What is expected = Give a verbatim copy of the lines below, minus the pictures.

Data provided =
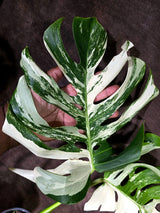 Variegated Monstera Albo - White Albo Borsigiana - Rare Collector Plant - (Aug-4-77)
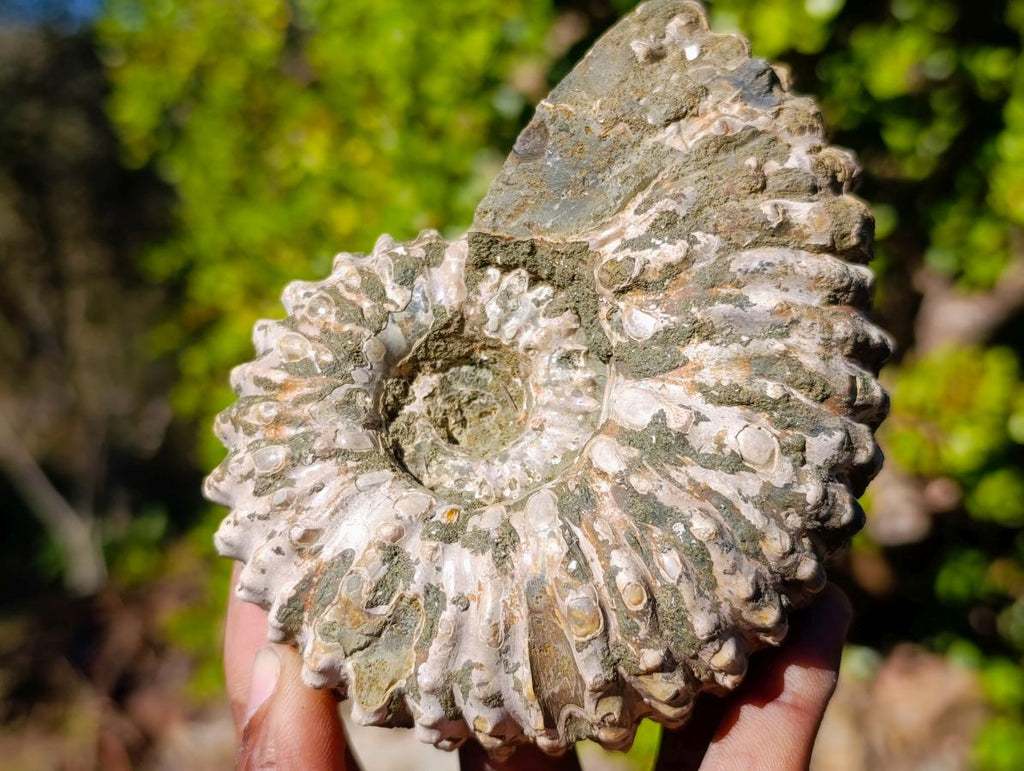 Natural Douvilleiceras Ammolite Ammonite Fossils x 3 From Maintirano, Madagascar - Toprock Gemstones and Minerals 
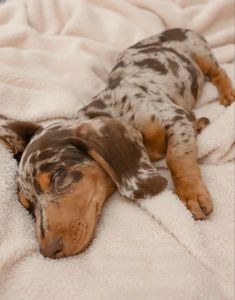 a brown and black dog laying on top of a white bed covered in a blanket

Expected answer =
 Variegated Monstera Albo - White Albo Borsigiana - Rare Collector Plant - (Aug-4-77)
 Natural Douvilleiceras Ammolite Ammonite Fossils x 3 From Maintirano, Madagascar - Toprock Gemstones and Minerals 
 a brown and black dog laying on top of a white bed covered in a blanket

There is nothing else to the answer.